=== PROVIDED DATA ===

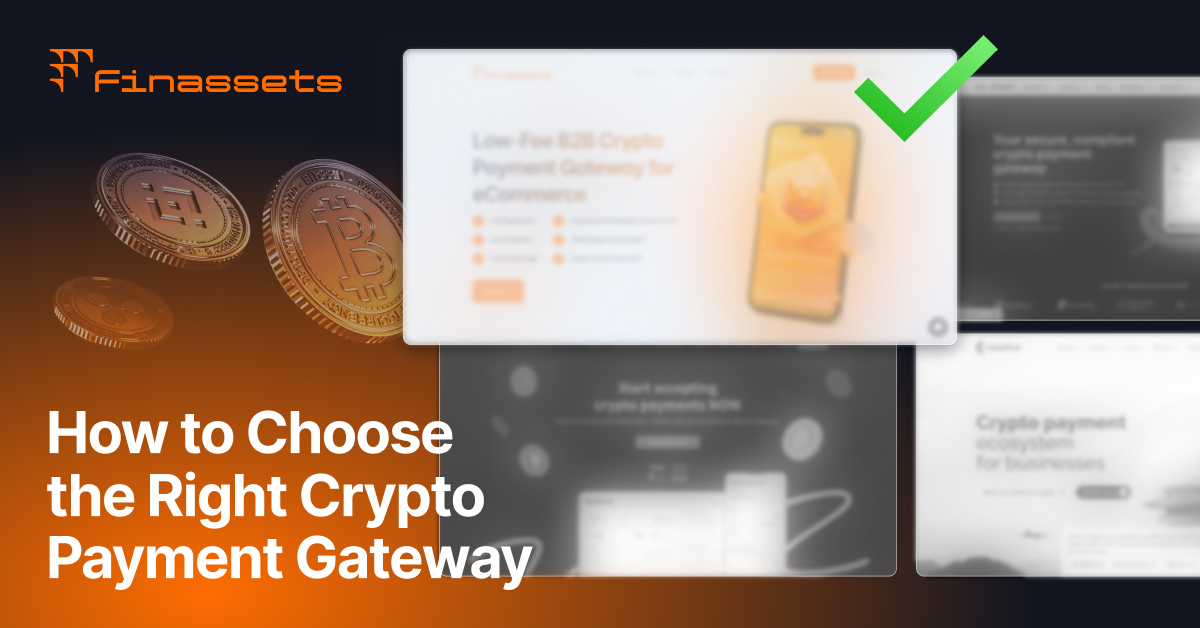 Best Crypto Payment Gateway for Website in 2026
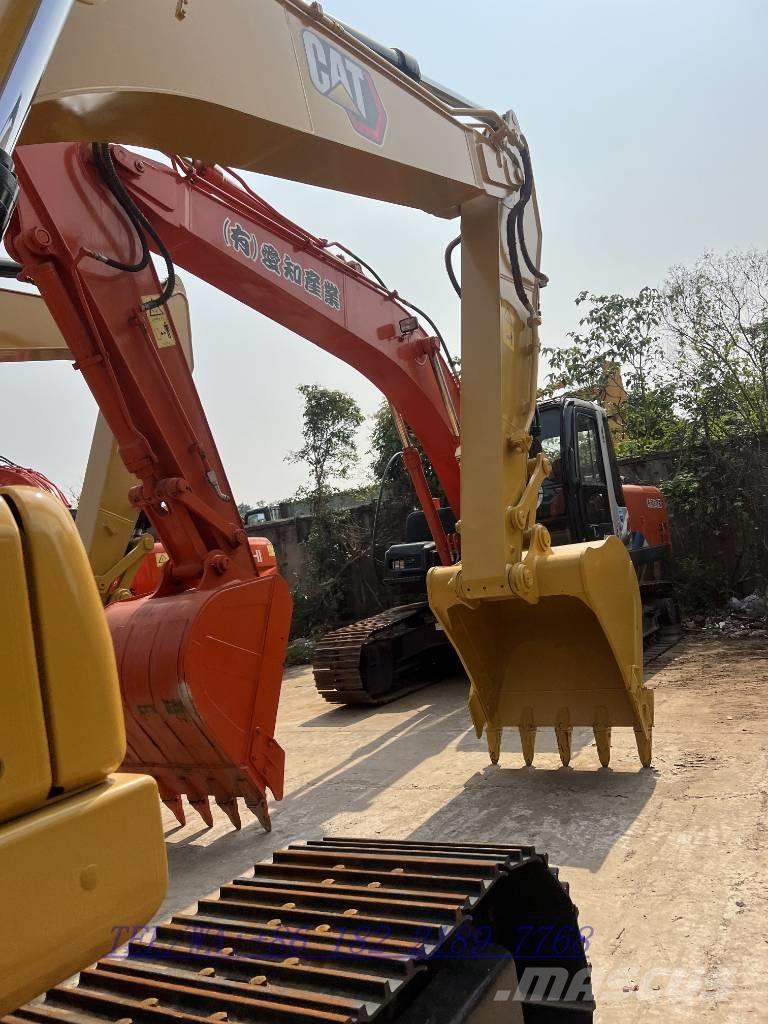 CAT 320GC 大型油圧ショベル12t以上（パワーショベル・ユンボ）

===
=== PROVIDED DATA ===

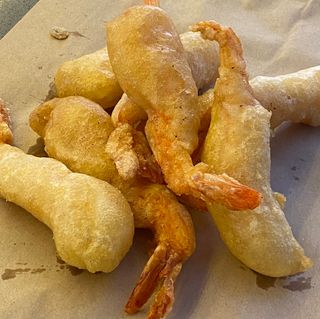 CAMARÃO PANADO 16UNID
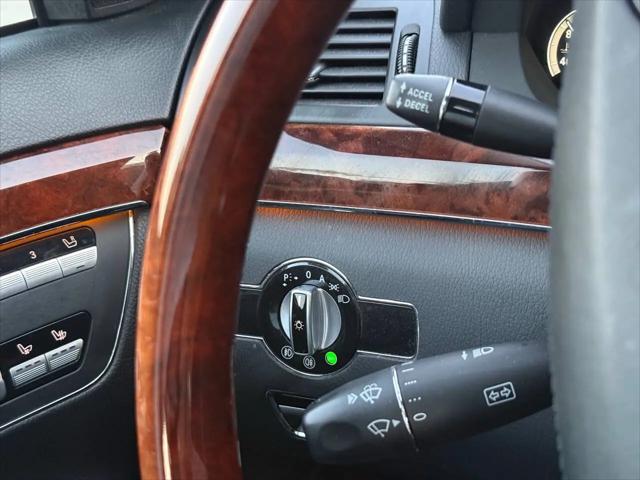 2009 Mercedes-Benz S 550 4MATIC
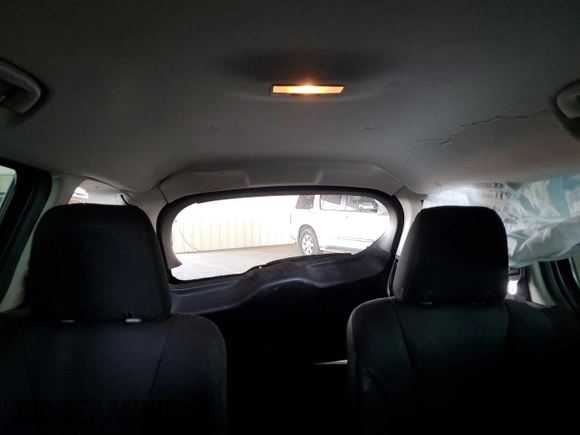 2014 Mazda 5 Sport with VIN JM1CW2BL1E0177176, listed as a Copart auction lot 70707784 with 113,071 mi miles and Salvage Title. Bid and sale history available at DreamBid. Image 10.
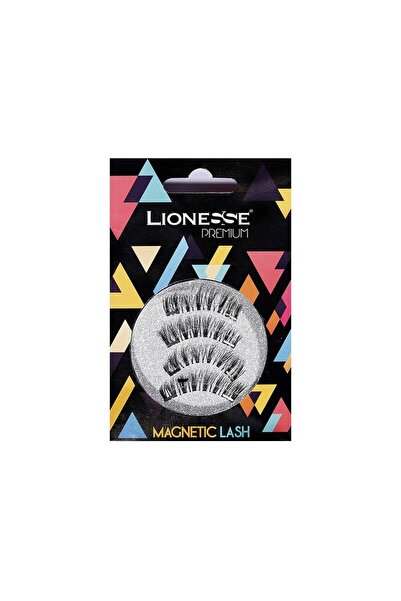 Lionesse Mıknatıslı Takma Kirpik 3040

===
=== PROVIDED DATA ===

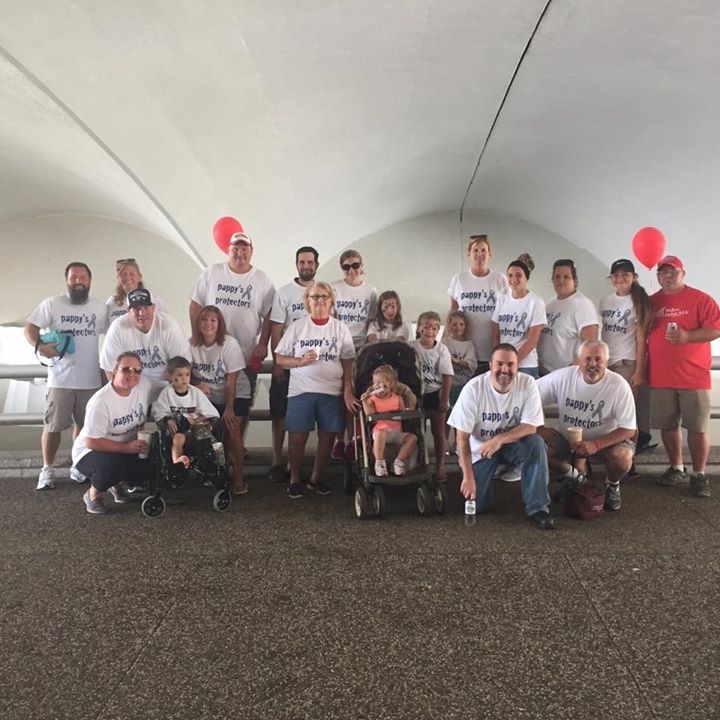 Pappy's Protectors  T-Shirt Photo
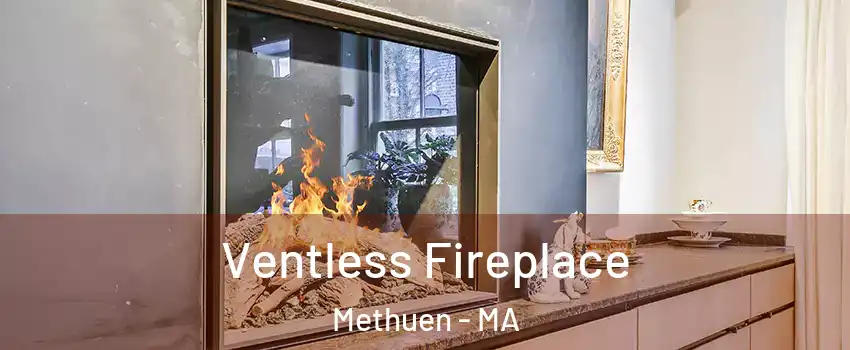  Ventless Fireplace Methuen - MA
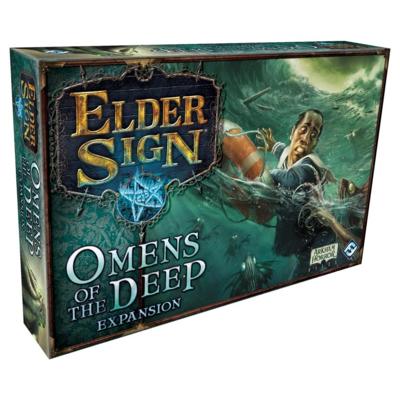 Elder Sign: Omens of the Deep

===

Reproduce the listing above from the line that holds "2014 Mazda 5" through the line that holds "Lionesse Mıknatıslı Takma Kirpik 3040", both included, with the pictures left out.

 2014 Mazda 5 Sport with VIN JM1CW2BL1E0177176, listed as a Copart auction lot 70707784 with 113,071 mi miles and Salvage Title. Bid and sale history available at DreamBid. Image 10.
 Lionesse Mıknatıslı Takma Kirpik 3040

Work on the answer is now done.